* _Exercise details_:
Both the line below containing "14 Photograph of" and the line containing "Swimming pool, Swimming pool, sunbed", along with every line between them, should be repeated exactly; no other line belongs in the answer.

━━ Exercise material ━━

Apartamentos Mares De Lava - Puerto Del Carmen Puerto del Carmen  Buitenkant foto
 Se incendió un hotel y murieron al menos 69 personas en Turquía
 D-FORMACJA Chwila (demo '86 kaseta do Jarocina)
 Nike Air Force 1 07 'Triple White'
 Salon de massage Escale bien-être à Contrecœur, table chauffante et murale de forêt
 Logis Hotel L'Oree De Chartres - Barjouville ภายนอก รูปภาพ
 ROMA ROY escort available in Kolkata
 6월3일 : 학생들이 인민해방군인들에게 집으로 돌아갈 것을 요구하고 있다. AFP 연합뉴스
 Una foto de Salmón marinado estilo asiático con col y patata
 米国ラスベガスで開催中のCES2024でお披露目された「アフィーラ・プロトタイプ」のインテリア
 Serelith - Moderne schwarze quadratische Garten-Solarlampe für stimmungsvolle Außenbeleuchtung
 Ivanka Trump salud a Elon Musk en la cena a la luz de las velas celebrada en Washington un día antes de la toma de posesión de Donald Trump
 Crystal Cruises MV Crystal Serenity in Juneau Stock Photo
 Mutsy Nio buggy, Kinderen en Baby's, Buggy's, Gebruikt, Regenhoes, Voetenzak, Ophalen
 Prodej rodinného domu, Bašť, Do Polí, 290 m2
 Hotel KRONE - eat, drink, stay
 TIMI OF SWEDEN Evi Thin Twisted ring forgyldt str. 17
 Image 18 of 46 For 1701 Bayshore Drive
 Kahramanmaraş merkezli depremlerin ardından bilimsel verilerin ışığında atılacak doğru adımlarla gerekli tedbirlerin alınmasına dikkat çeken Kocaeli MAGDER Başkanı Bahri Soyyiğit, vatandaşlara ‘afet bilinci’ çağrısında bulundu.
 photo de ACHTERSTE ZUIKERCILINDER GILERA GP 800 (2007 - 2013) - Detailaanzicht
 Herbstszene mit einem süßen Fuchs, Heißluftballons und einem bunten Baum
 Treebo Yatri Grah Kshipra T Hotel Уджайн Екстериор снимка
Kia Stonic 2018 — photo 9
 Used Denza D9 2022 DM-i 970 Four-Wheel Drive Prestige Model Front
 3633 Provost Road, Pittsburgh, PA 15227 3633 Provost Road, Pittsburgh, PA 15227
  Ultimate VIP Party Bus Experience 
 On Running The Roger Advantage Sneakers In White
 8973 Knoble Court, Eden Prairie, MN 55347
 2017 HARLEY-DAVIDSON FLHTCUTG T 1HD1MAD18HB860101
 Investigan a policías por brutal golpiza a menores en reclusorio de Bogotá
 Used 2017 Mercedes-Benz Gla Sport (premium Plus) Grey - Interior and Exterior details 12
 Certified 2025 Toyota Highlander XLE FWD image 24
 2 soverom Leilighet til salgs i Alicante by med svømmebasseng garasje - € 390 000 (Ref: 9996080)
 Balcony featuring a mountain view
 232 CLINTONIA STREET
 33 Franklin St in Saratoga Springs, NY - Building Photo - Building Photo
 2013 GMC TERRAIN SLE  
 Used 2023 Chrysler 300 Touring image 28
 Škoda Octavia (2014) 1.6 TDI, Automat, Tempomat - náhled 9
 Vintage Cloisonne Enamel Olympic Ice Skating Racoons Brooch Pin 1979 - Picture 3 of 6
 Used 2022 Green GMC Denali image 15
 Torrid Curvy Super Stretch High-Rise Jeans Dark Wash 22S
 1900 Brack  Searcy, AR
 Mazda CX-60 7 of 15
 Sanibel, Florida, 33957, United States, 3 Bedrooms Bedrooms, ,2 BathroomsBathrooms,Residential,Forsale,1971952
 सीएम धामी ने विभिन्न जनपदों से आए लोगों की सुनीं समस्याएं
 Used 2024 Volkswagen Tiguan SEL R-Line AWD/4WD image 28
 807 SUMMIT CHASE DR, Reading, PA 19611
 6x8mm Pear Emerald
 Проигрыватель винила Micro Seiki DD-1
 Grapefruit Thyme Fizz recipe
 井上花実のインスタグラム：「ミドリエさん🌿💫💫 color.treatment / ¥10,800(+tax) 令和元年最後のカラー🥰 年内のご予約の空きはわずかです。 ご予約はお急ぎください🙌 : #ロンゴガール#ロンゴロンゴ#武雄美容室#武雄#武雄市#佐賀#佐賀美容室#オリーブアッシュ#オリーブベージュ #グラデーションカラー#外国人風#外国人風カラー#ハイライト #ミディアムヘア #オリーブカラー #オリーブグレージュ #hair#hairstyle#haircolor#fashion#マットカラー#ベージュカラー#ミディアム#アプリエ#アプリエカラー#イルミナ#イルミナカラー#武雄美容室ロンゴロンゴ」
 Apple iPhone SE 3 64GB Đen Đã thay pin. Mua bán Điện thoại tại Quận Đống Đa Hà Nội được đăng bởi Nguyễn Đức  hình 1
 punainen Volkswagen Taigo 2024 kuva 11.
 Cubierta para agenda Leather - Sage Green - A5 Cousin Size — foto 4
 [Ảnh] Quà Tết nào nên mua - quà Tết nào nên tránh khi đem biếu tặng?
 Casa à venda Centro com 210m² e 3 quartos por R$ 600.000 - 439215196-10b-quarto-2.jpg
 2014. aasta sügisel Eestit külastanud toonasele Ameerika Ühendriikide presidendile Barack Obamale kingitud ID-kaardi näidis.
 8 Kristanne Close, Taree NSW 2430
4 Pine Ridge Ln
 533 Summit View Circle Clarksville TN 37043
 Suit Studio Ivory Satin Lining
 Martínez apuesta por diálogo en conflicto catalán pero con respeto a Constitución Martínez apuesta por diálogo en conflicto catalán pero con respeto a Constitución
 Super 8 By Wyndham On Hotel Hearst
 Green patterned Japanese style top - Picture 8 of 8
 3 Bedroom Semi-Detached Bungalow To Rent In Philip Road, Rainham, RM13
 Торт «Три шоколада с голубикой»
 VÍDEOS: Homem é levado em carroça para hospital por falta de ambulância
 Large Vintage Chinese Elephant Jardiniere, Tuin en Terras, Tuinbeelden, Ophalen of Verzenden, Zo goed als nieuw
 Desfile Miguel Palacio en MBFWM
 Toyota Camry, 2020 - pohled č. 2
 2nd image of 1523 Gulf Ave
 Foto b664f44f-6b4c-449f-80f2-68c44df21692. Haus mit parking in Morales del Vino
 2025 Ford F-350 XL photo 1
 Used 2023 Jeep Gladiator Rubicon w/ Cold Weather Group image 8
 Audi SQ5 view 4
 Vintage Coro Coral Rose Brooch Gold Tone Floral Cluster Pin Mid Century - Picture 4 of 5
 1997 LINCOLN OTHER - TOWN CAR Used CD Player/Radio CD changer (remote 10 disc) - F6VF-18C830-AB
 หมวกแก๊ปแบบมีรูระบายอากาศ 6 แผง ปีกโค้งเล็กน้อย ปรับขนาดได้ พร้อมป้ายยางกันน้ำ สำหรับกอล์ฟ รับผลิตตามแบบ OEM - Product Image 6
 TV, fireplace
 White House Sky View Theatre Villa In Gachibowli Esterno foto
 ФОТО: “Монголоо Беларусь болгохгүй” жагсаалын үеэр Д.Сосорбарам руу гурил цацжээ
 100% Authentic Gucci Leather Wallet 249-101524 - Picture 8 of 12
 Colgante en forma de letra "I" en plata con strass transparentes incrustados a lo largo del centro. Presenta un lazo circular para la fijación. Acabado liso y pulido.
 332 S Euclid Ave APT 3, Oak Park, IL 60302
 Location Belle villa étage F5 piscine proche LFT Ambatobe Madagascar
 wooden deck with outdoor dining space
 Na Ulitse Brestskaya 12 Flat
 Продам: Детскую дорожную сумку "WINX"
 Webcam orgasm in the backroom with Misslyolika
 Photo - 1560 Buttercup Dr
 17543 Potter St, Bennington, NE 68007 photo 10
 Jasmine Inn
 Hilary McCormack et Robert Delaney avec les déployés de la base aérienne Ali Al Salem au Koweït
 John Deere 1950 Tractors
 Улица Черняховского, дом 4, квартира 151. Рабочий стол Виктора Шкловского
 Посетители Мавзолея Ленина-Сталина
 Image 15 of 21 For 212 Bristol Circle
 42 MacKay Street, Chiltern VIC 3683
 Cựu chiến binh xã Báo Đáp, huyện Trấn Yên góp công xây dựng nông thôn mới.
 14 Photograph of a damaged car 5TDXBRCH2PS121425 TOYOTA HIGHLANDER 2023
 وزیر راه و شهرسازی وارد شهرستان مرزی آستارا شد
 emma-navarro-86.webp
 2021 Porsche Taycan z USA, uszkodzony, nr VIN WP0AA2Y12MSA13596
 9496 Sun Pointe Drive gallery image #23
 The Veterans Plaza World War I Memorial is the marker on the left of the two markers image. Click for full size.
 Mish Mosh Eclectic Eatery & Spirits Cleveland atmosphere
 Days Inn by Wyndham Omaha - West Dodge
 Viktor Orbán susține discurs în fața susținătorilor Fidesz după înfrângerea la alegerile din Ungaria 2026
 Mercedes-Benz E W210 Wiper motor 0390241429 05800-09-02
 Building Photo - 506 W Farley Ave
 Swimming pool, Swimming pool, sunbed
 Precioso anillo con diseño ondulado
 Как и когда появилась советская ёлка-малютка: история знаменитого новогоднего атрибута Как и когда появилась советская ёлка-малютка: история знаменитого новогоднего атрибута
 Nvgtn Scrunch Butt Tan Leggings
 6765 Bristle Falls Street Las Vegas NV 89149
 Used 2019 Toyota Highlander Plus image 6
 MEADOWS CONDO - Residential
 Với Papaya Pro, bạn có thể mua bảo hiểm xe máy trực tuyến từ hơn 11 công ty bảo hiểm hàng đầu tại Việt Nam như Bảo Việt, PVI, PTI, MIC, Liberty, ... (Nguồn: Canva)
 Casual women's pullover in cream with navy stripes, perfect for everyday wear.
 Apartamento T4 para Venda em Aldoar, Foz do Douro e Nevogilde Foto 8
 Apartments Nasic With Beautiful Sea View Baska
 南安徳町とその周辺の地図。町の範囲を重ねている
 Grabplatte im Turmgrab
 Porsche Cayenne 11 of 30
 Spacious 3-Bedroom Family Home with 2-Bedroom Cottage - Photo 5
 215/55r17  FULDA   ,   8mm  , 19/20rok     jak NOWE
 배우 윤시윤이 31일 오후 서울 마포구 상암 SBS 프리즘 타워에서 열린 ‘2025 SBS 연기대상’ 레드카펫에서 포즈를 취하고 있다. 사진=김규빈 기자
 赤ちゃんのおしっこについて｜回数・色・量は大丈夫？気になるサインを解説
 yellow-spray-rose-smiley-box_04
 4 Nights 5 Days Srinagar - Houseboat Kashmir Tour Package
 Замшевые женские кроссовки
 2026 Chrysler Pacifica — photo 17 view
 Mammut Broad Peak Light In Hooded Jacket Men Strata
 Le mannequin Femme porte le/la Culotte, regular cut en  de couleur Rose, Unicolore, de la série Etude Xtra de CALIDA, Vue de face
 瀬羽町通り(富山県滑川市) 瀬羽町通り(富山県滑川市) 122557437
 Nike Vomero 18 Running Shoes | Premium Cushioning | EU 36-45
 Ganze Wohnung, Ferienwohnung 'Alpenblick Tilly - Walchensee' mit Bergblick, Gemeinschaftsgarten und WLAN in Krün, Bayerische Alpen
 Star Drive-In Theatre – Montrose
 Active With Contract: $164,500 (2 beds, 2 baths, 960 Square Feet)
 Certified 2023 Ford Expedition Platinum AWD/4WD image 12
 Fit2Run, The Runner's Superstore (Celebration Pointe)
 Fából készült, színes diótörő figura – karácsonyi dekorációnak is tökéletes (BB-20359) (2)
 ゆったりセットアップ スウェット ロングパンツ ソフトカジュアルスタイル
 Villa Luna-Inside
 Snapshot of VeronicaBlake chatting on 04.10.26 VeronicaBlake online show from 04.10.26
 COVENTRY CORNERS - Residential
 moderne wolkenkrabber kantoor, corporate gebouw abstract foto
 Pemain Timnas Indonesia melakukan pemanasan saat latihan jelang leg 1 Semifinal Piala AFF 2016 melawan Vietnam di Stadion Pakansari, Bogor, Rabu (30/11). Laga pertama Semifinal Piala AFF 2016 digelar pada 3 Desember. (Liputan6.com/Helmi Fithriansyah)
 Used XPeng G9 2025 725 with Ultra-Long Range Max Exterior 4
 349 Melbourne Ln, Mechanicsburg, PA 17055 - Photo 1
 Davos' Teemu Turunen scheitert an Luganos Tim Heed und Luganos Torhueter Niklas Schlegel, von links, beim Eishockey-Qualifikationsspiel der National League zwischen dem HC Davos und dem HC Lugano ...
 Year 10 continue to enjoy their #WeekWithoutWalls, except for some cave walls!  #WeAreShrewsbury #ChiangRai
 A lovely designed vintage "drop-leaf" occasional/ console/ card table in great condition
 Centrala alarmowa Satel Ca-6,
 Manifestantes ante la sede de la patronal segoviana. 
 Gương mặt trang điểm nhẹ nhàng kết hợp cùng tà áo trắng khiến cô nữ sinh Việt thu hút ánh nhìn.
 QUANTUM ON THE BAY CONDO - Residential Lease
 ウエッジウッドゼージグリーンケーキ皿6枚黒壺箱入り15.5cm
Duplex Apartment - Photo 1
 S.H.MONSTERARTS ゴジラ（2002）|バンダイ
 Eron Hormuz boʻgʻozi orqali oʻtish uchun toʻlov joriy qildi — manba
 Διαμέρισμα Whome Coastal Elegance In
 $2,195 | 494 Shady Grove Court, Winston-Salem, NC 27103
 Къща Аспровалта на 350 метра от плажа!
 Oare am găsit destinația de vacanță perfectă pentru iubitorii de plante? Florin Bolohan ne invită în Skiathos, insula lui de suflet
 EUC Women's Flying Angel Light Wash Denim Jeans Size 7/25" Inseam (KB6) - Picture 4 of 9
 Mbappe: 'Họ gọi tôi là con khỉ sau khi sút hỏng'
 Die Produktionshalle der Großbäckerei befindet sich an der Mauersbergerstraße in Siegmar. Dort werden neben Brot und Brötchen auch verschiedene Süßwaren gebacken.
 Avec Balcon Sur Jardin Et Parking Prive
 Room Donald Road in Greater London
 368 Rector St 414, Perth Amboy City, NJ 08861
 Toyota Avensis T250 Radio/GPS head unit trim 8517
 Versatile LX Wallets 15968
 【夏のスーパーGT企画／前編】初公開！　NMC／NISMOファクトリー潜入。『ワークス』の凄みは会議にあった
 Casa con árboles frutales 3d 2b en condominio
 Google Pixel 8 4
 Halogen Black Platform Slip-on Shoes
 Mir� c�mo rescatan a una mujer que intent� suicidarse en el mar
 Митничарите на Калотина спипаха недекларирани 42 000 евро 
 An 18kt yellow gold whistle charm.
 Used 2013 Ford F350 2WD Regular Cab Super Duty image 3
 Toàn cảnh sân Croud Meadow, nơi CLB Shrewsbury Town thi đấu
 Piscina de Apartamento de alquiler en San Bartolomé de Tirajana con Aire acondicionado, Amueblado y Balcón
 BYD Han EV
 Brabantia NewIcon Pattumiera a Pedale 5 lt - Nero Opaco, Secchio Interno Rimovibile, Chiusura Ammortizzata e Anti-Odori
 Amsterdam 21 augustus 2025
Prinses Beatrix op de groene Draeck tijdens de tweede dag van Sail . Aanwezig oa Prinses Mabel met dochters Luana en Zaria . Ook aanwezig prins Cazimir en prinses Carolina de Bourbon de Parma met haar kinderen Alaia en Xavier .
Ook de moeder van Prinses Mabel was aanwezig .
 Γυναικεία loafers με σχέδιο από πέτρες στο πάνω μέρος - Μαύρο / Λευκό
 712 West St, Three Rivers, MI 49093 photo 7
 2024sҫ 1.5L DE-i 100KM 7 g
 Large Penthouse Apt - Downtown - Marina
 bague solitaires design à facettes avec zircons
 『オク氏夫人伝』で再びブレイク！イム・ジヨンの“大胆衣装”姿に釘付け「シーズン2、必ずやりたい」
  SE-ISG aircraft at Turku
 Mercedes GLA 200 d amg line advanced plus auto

━━━

* _Result for this task_:
 14 Photograph of a damaged car 5TDXBRCH2PS121425 TOYOTA HIGHLANDER 2023
 وزیر راه و شهرسازی وارد شهرستان مرزی آستارا شد
 emma-navarro-86.webp
 2021 Porsche Taycan z USA, uszkodzony, nr VIN WP0AA2Y12MSA13596
 9496 Sun Pointe Drive gallery image #23
 The Veterans Plaza World War I Memorial is the marker on the left of the two markers image. Click for full size.
 Mish Mosh Eclectic Eatery & Spirits Cleveland atmosphere
 Days Inn by Wyndham Omaha - West Dodge
 Viktor Orbán susține discurs în fața susținătorilor Fidesz după înfrângerea la alegerile din Ungaria 2026
 Mercedes-Benz E W210 Wiper motor 0390241429 05800-09-02
 Building Photo - 506 W Farley Ave
 Swimming pool, Swimming pool, sunbed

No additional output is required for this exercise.